_PROBLEM TO WORK ON:_
Copy out exactly the stretch of the listing below that begins at the line containing "Bitcoin Anniversary: 15" and ends at the line containing "Mayfield Cabin | Scenic Cabin near the lake!", and copy nothing outside it.

_RECORDS FOR THE TASK:_

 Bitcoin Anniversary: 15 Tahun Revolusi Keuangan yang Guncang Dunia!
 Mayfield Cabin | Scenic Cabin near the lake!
==
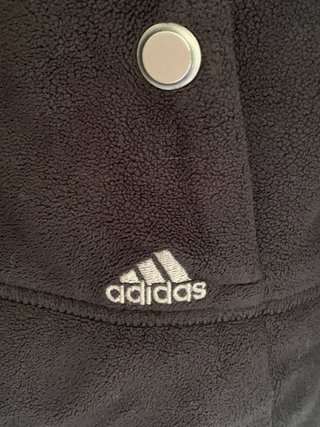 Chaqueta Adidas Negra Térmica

_EXERCISE SOLUTION:_
 Bitcoin Anniversary: 15 Tahun Revolusi Keuangan yang Guncang Dunia!
 Mayfield Cabin | Scenic Cabin near the lake!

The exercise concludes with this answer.